Скандалы чаще устраивают не врачам, как вы могли бы подумать, а санитарам, которые подготавливают тело к выдаче. В процесс подготовки входит гримирование или, как говорят специалисты, посмертный макияж.

Во время прощания покойник должен выглядеть достойно. Лицо его не должно быть искажено гримасой страдания, не должны быть видны трупные пятна и прочие изменения, которые возникают после смерти (пожалуй, я не стану их здесь подробно описывать). «Как живой» – вот к чему стремятся гримеры. Чем меньше времени прошло после смерти, тем легче задача гримера. Характер заболевания тоже имеет значение. Лицо человека, внезапно умершего от остановки сердца или от кровоизлияния в мозг, не претерпевает больших изменений. А вот если человек умер от онкологического заболевания, тогда дело другое. Гримеру приходится идти на различные ухищрения для того, чтобы сделать лицо покойника похожим на то, каким оно было до болезни. Посмертный макияж – очень важное дело. Работа гримера помогает близким справиться с горем. Церемония прощания с умершим – очень важный этап переживания утраты. В облике покойного должно быть как можно меньше черт, напоминающих о том, что он болел, страдал. Покойник должен выглядеть спящим, к месту будет легкая, едва заметная улыбка. Повторю, что это очень важно.

Гримеры у нас опытные. Возможно им далеко до корифеев, которые работают с судебно-медицинскими трупами, но они настоящие мастера своего дела. Почему с судебно-медицинскими трупами работают корифеи, а с патологоанатомическими просто мастера? Дело в том, что судебно-медицинское вскрытие назначается при подозрении на насильственный характер смерти, а также при наличии признаков разложения. Придать истощенному лицу человека, умершего от рака, объем при помощи ватных «подушек», заложенных за щеки, не так сложно, как вылепить из воска (условно) половину черепа при огнестрельном ранении головы. А если у покойницы огнестрельная рана груди или сильное повреждение шеи веревкой, на которой она повесилась, но родственники хотят хоронить ее в платье с открытым декольте? Корифеи называются корифеями, потому что они умеют решать задачи любой сложности. Например, если ткани лица разложились настолько, что к ним нельзя прикасаться макияжной кистью, макияж наносится при помощи аэрографа, проще говоря – распылителя.
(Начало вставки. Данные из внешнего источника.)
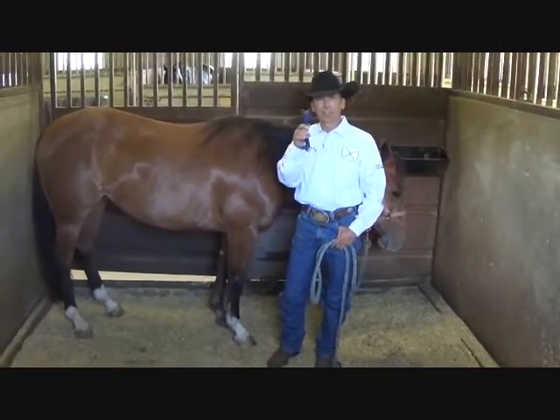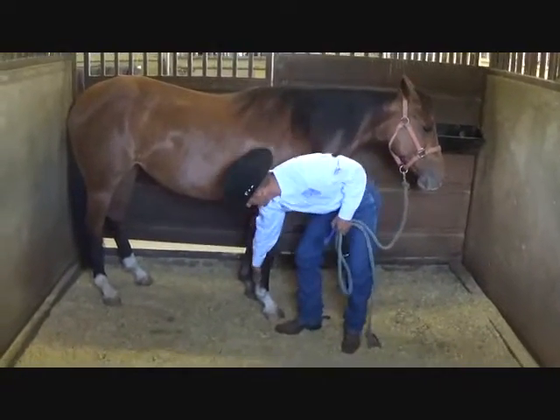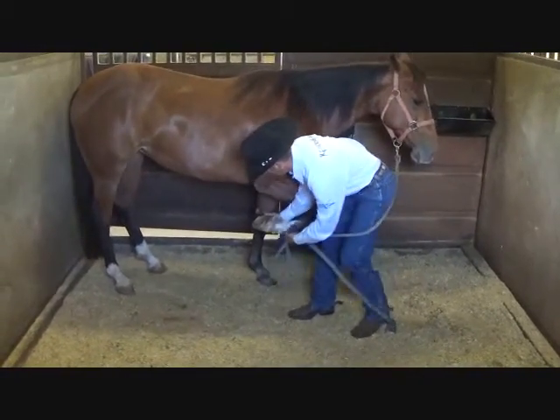Well, I have a hack for that. Take your hoof pick with you when you go in the stall. Once you have your horse haltered, go ahead and clean out her feet.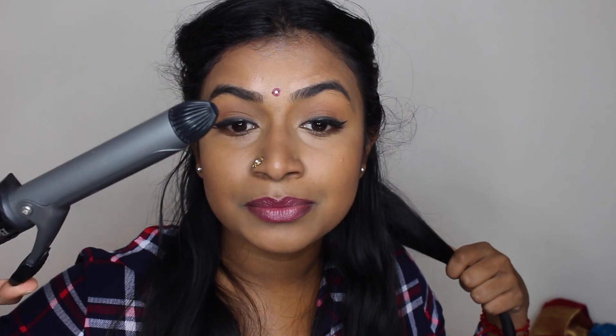I'll put all the links to the products and everything I used in this video down below. Now for the hair — you want to curl away from your face, so you wrap it around like this.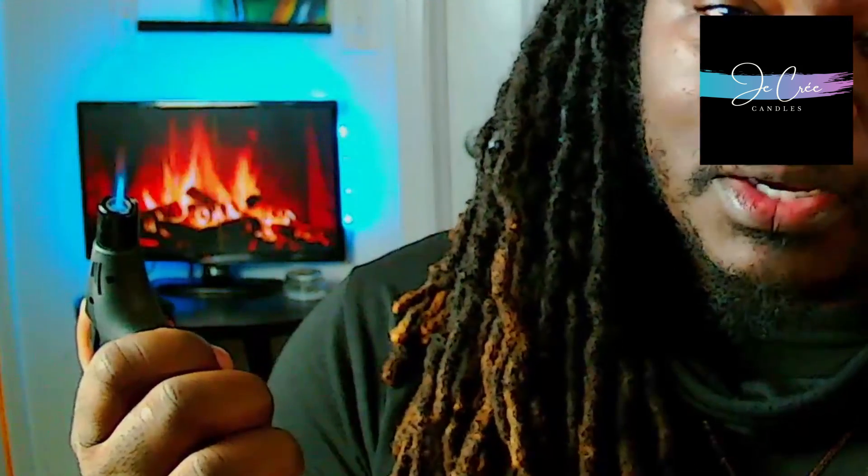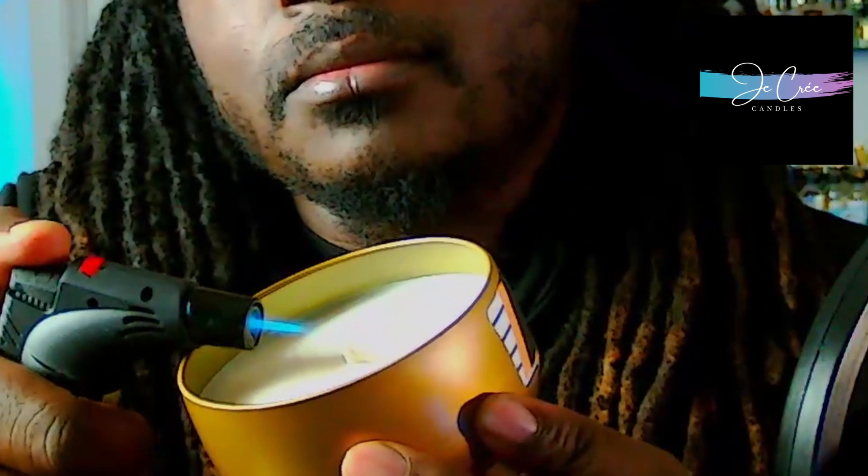I got my fake fireplace going on in the background, but I'm going to go ahead and light this candle. I'm going to let this go for a couple hours tonight and get a good feel of how this smells. I'll probably close this room off so I can see how it fills the room the first hour, then come in and open the doors to see how it spreads out.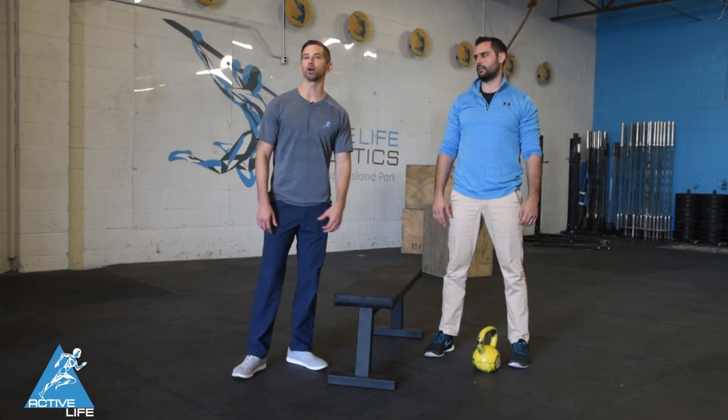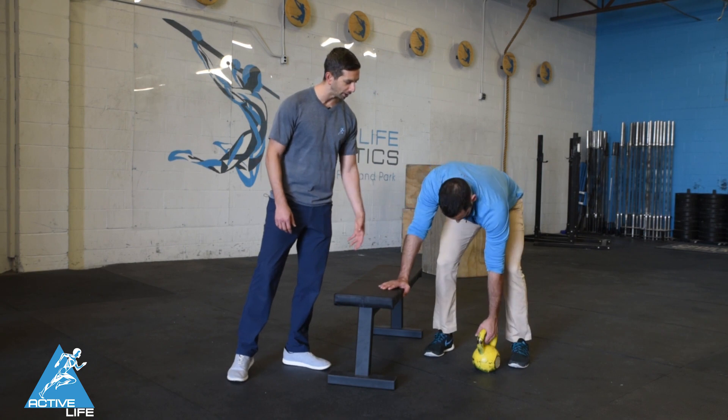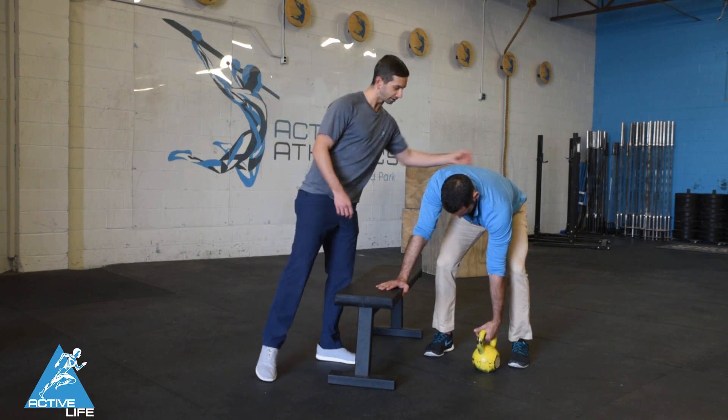This exercise is called a one arm power row. Dr. Jeremy is going to set up the kettlebell or dumbbell inside of his outside foot. His hand is going to be supported by the bench and his back is going to be nice and neutral.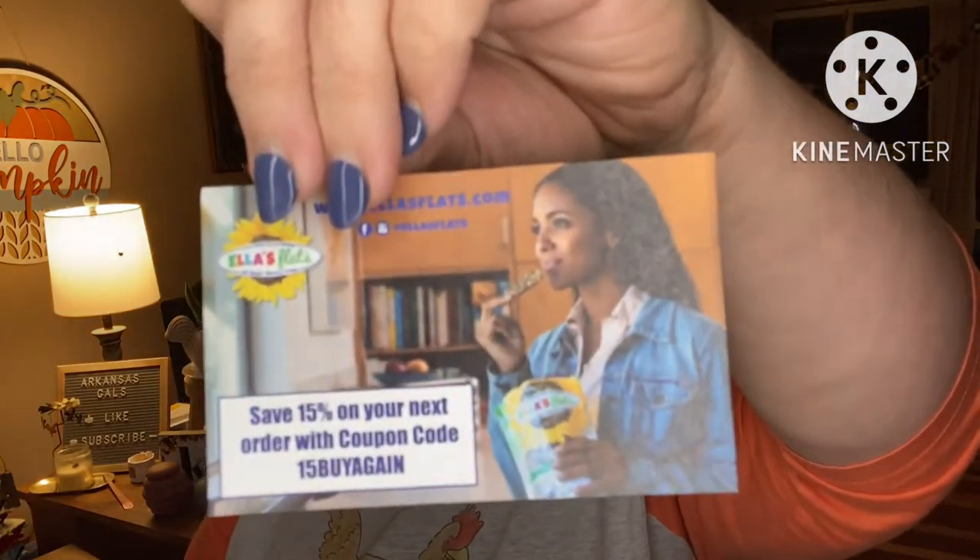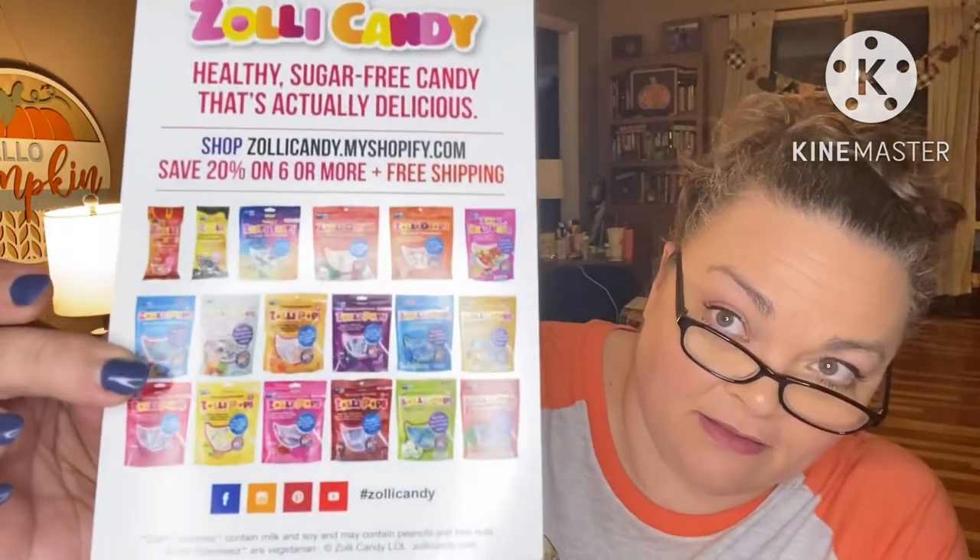There's usually some extra info and coupons in the box as well. There's 15% off for Ella's Flats if you use the code '15' — buy again! Zolli Candy is saying if you share a fair review they'll send you a ten-dollar gift card. There's also a dollar off coupon for Whole Foods Market, which is their partner — we don't have Whole Foods around here. Their products are described as: delicious, sugar-free, keto, diabetic-friendly, gluten-free, non-GMO, dairy-free, nut-free, wheat-free, fat-free, free from major allergens, low-calorie, vegan, vegetarian, natural colors, natural flavors, and good for your teeth.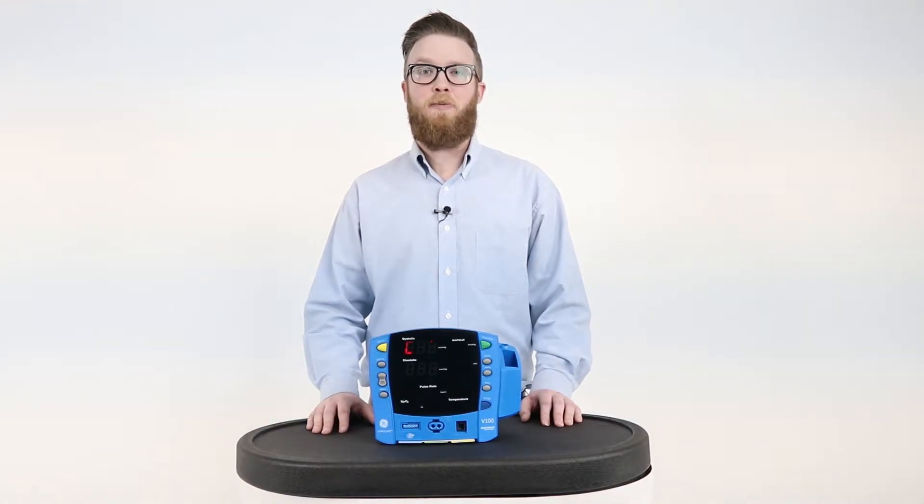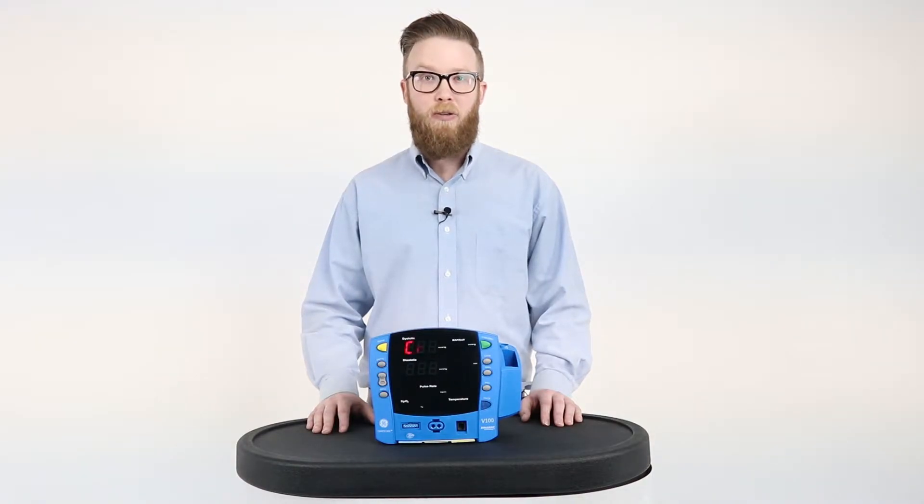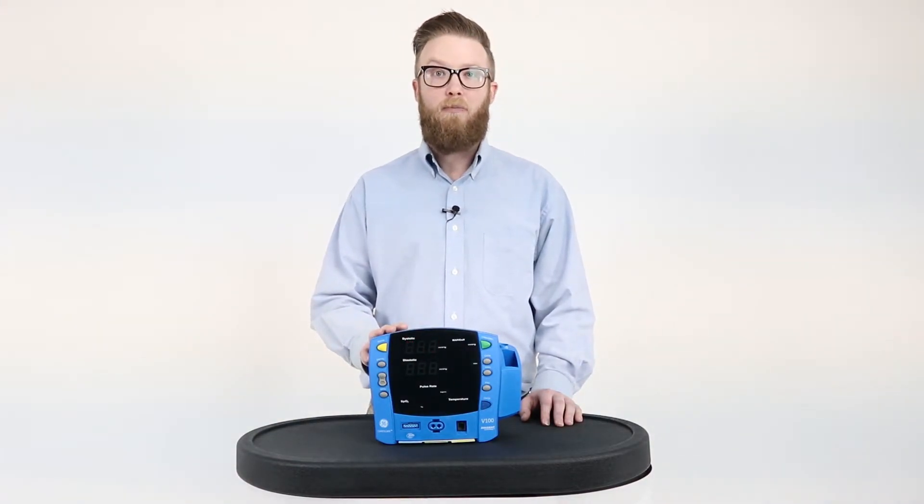Hi, I'm Adam. I'm the Service Manager here at Jacob Medical. Today I'm going to be showing you how to check the error codes on the GE V100 patient monitor.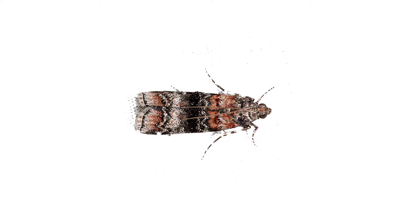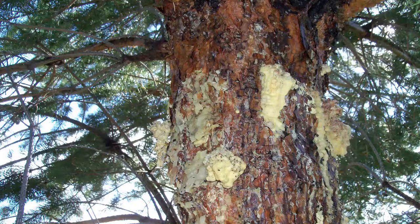The Zimmerman pine tip moth is a little insect, a little moth. You really see it on Austrian pines, which is why I always tell people don't plant Austrian pines — nice looking, but a lot of problems with them. What you would see at first is popcorn yellow sap on the bark.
Если вам кажется, что наносить макияж распылителем несложно, то это означает, что вы никогда не красили ничего подобным образом. В этом деле нужны верный глаз и твердая рука.

Довольно часто родственники остаются недовольны работой гримеров. Их можно понять. Им хочется, чтобы покойник выглядел «как живой», но у любого мастерства есть свои пределы. Гримеры объясняют, что больше ничего сделать нельзя, родственники утверждают обратное… Родственники помнят умершего при жизни, они не видели, каким он был до того, как гримеры начали с ним работать. Если бы видели, то вместо претензий выразили бы благодарность. Когда говорят, что смерть человека не красит, выражаются очень мягко.

Иногда доходит до того, что приходится возвращать тело в зал и вносить поправки в макияж по указанию родственников. В большинстве случаев эти поправки портят впечатление, но тут уж последнее слово остается за родственниками.